A Brief History Of Aadhar
Aadhaar is one of the issues which has been constantly mired in controversy since its inception in 2009 by the UPA government, which appointed Nandan Nilekani- the Infosys Chief, to spearhead this identification drive. Till date, 1.19 billion people which are 99% of the Indian population has been enrolled in this biggest ever identification drive recorded in history. The idea was to issue a unique identification number to every citizen of India in order to make identification process easy and to reduce duplicity. Initially, there was no legislature to back this endeavour, which was quickly identified by the judiciary when cases against making Aadhaar mandatory for all citizens were filed by various Human right groups and concerned citizens.
The NDA government then passed the Aadhaar act in 2016 in order to make it a statutory body. However, this act was suspiciously introduced as a money bill which does not need the approval of the Upper House. This move was vehemently opposed by the opposition, which claimed that this was done in order to avoid any modification in the Rajya Sabha where the NDA government was in minority. Since the passage of this act, the BJP government led by PM Narendra Modi has made it a pet project along with the Digital India campaign. Concerns about the safety of the data collected coupled with frequent Aadhaar data leaks has surely created uneasiness among the common masses.
Concerns About Aadhar
The Supreme Court in a landmark judgment recognized the right to privacy as a fundamental right in 2017. The frequent leakages of Aadhaar details by the various government as well as non-government agencies pose a serious threat to the right to privacy. There are multiple avenues through which details of millions of Indians can be accessed. Several media reports suggest that the instruments used for acquiring biometric data of the applicants have been used by spy agencies like the FBI and CIA. The complacency shown by UIDAI in regards to data safety can thus quickly escalate into a major security concern. The situation is further aggravated by the fact that the government has been repeatedly forcing its citizens to link their bank accounts, phone numbers, voter id cards, pan cards etc with their Aadhaar card. This poses a serious threat to all the Aadhaar applicants, who might face issues of fraud and espionage in the near future. The magnitude of losses which might be incurred keeps on increasing with the linkage of additional details in the Aadhaar database.

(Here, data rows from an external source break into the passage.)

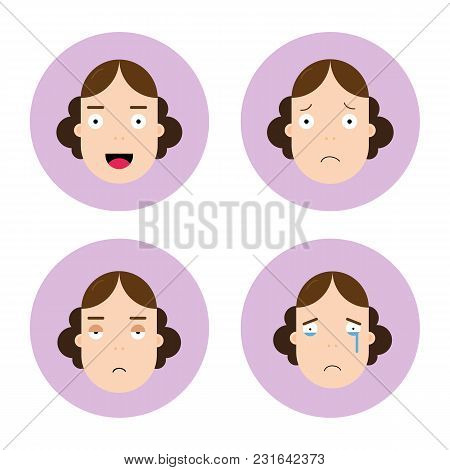 Set Of Emotions, Girl With Brown Hair.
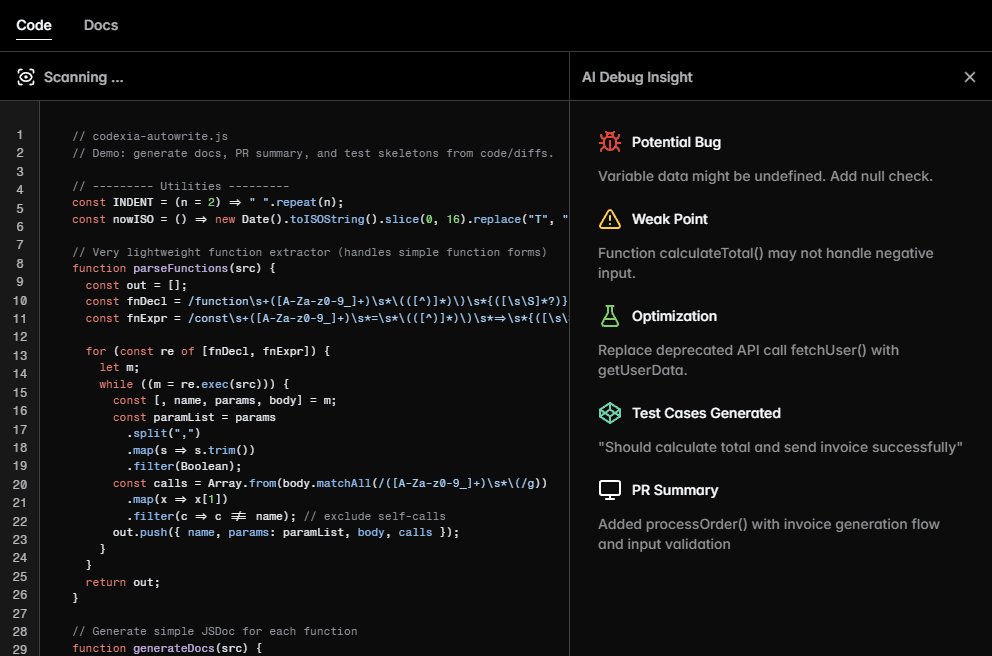 Codexia Dashboard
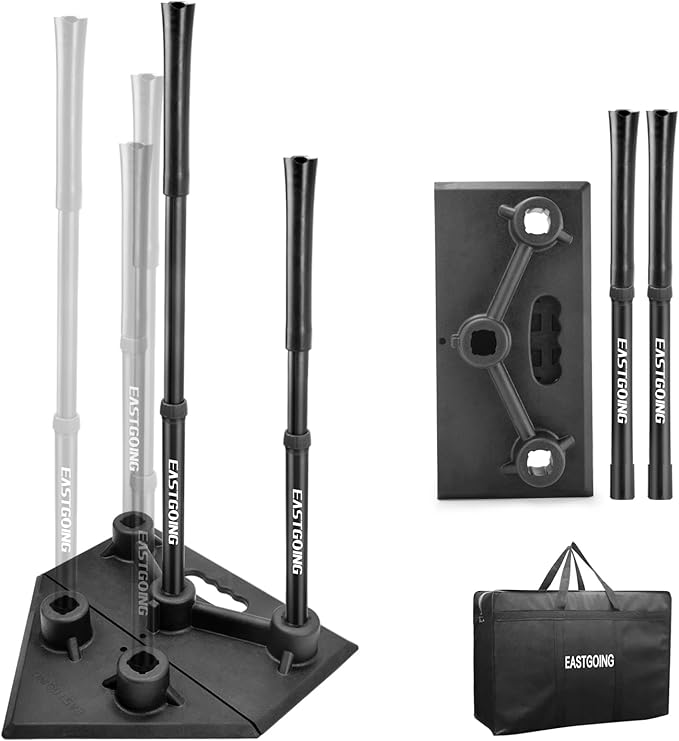 Eastgoing Heavy Duty Baseball and Softball Portable Travel Batting Tee.Adjustable 5-Position Baseball and Softball Batting Tee.Hitting Tee for Any Age Player Baseball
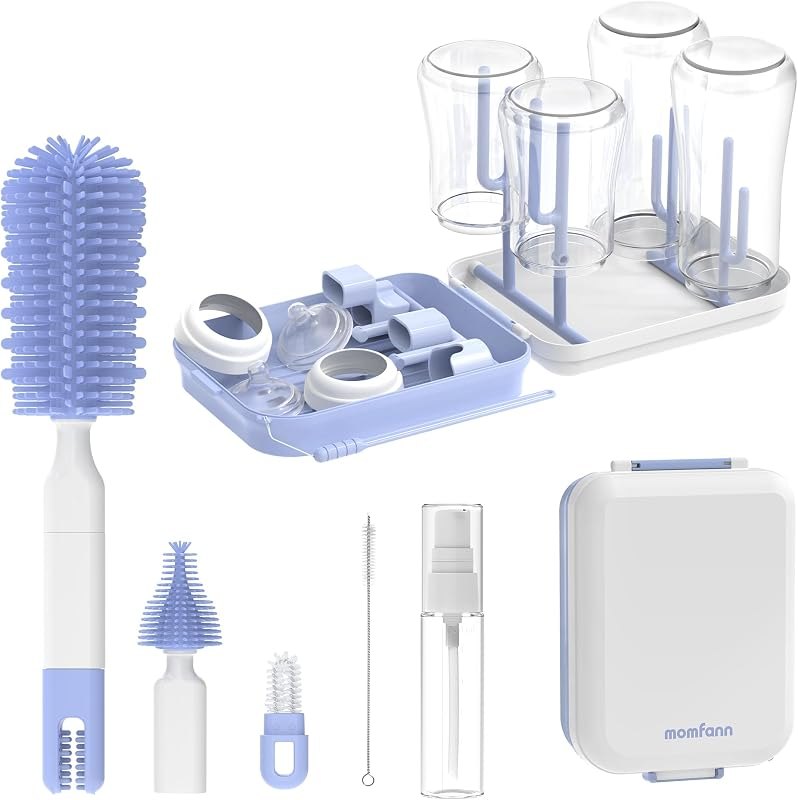 MOMFANN Baby Bottle Brush Set, 8 in 1 Magnetic Cleaner Bottle Brush Kit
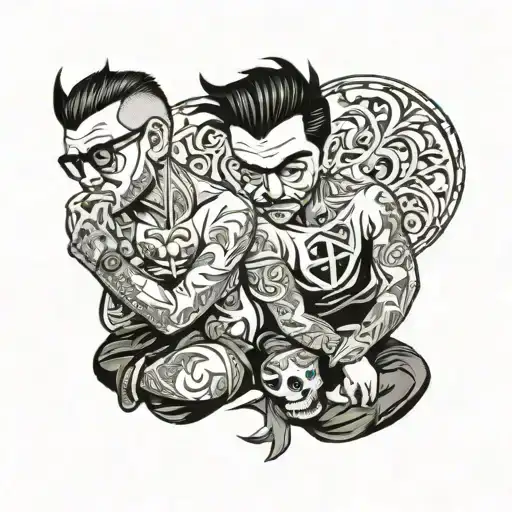 matching tattoos for two men best friends sitting tattoo design idea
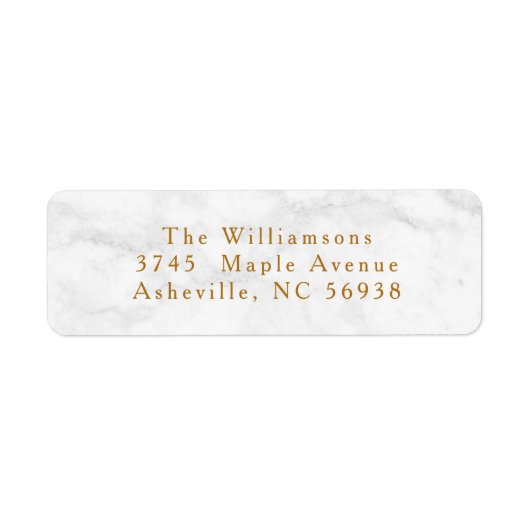 Modern Wit Marmer Kerst Goud Retouradres Etiket (Voorkant)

The State Of Constant Confusion Revolving Around Aadhaar
The UIDAI has been consistently shying away from these concerns on the pretext that the Aadhaar has been helpful in reducing discrepancies in the Public Distribution System. However several financial experts have pointed out the fact that the amount spent in enacting Aadhaar has been much more than the amount which the government has saved from reducing corruption in PDS. The honourable Supreme Court has time and again reiterated that Aadhaar is optional and cannot be made mandatory for availing government services. Despite these rulings, many needy individuals have been denied government services for not possessing an Aadhar card. The death of a minor girl due to starvation, in Jharkhand, is one of the starkest reminders of the problems posed by the Aadhaar act. In darker times the Aadhaar details can also be used for ethnic cleansing. The NSA of India Mr Ajit Doval has also once said in an interview that the ultimate motive of Aadhaar is to weed out illegal aliens.
Grave Concerns Related To Internal Security Of India
Cyber-attack has been the latest addition to the weaponry of security forces across the world. Recent investigations carried out by CIA allegedly confirmed the meddling of Russian spying agencies in the USA Presidential elections. A ransomware called CRY created ripples worldwide when it forced hundreds of victims to pay huge sums of money in order to keep their personal data safe.
Vladimir Putin too recognized cyber warfare and Artificial Intelligence to be the most important factor which would determine the victory of a nation in future warfare. All major superpowers have taken various concrete steps in order to tackle this menace. India, which aspires to be a superpower has however lagged behind in dealing with issues of cybersecurity and data leakages. A Union Minister commented that ‘privacy concerns’ are first world issues and don’t apply to a third world nation like India. This apathy shown by the Indian policymakers can lead to serious implications in future if it is not dealt in an effective manner. Non-seriousness in protecting Aadhaar details of Indian citizens can prove to be a live minefield, in the event of war or face-offs with other countries in future. Thus it is the need of the hour to take data leaks and privacy concerns seriously in order to avoid any untoward incident in the coming days.